# Wow some of these intros are HEAVY!



## curiouswife4 (Oct 15, 2019)

Wow some of these intros here are HEAVY!

Hello all,

I am married to the coolest guy ever, no pressure, no assumptions, no expectations. So far life has been amazing, of course a few bumps and hiccups here and there. 

I am joining your forum because of curiosity. I do not have much time with other adults to chat about the things you do here and it would be nice to do so. I have read many many posts here and am fascinated by them and everyone here. 

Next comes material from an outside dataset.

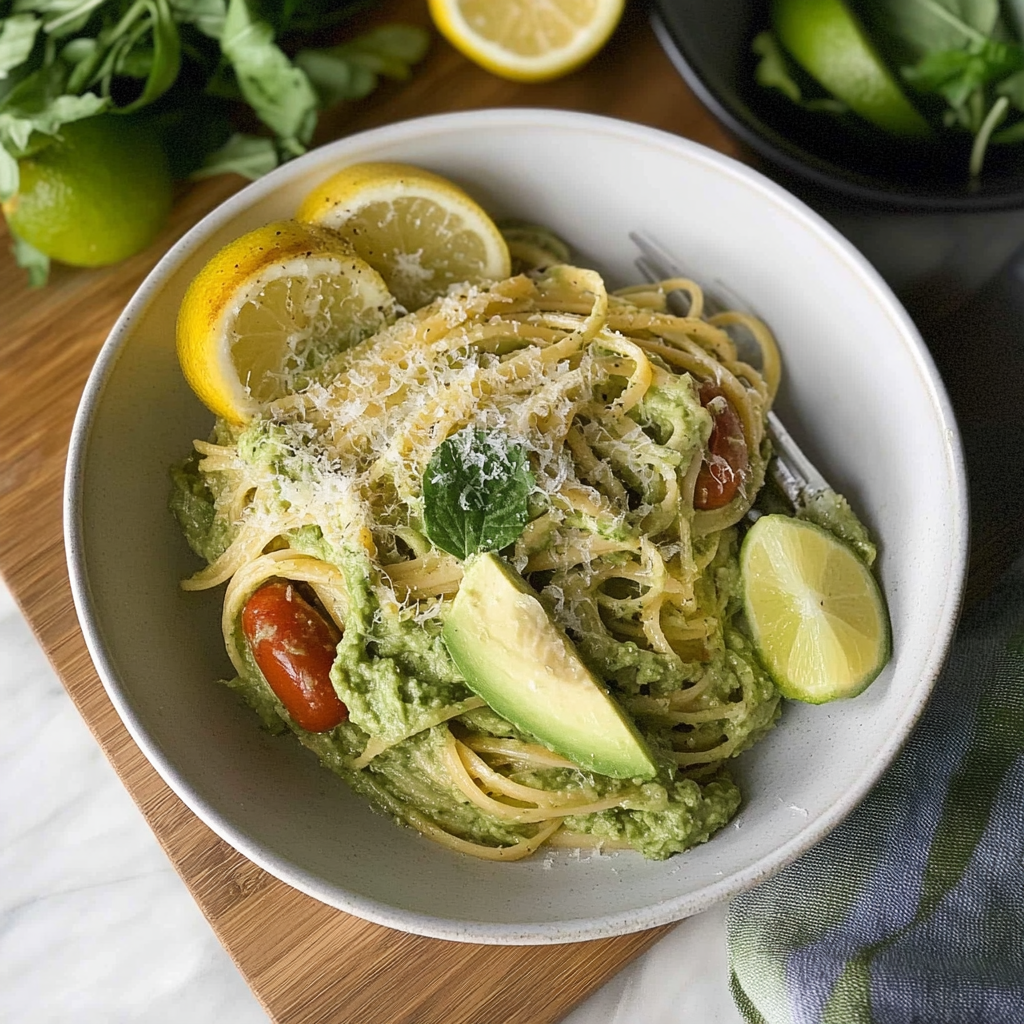 Recipe preparation for Creamy Avocado Lime Pasta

My husband and I are now VERY monogamous even though we were not so wise before marriage so we have both had our fair share of "other sex." Been there done that, nothing has come close to what we have now. 

We are in the fitness and athletic world and going through some of those darned body changes whether we like it or not. Healthy or not, life just keeps on changing you doesn't it? 

I look forward to chatting. Blessings to all.


----------



## Betrayedone (Jan 1, 2014)

Welcome.....Consider yourself lucky!


----------



## Adelais (Oct 23, 2013)

ok....I'll listen to Thumper's father.

Welcome! Glad you have a good marriage. You will learn a lot here.


----------



## CharlieParker (Aug 15, 2012)

Hi!

There are other happy people here. Myself included. Happy, but not always roses and unicorn farts. I came here before our 20th anniversary, just curious about marriage in general. Holy crap, not what I was expecting.


----------



## Yeswecan (Jul 25, 2014)

I'm happily married 25+. Did not happen over night. But this site helped a lot by pointing out what I thought was right in my marriage but in reality wrong. Now that it is sorted life is much better. 

Welcome aboard.


----------



## MattMatt (May 19, 2012)

Welcome to TAM.


----------